Le guardie, a quanto pareva, non si erano accorte della sua presenza. Stavano avvicinandosi lentamente all’auto. Lou si alzò di scatto e fece fuoco sparando al di sopra del veicolo. Si sentì una serie di crepitii secchi quando centinaia di joules di energia elettrica si trasformarono in impulsi invisibili di luce laser infrarossa. La prima guardia fu rovesciata all’indietro, come se fosse stata colpita in pieno petto dal pugno di un gigante. La seconda girò su se stessa e crollò a faccia in giù. Una volta a terra, non si mossero più.

Lou rimise la sicura con mani tremanti e si infilò la pistola nella cintura. Poi si impose di avvicinarsi ai due uomini e di prendere le loro armi. Respirano ancora. Quando tornò alla macchina si sentiva meglio. Buttò le pistole delle due guardie sul sedile anteriore.

Mezzanotte e cinque. Si sta facendo tardi. Si rimise al volante. Accese i fari e vide la strada che scendeva al porto.

È il momento giusto per l’azione diversiva. Respirò a fondo, poi girò la chiavetta dell’accensione. La turbina si accese. Lou premette l’acceleratore fino in fondo. Il motore tossì, poi rombò fortissimo. Nella casa si accesero le luci.

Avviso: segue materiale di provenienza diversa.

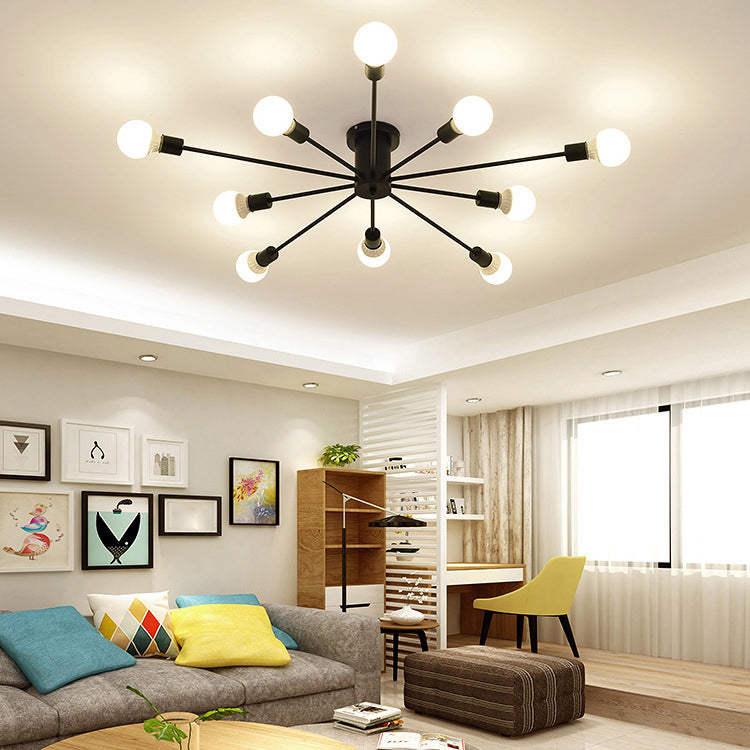 Radial Flush Mount Light Fixture Industrial Multi-Light Close To Ceiling Lamp for Bedroom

Premette ancora l’acceleratore, innestò la marcia e l’auto si precipitò rombando giù per la strada. Gli alberi e i cespugli che la fiancheggiavano si agitavano violentemente, al passaggio del veicolo, e il vento schiaffeggiava con forza Lou, mentre lui scendeva a rotta di collo la strada tortuosa verso il porto. Intanto le luci si accendevano anche laggiù, e negli alloggiamenti delle guardie.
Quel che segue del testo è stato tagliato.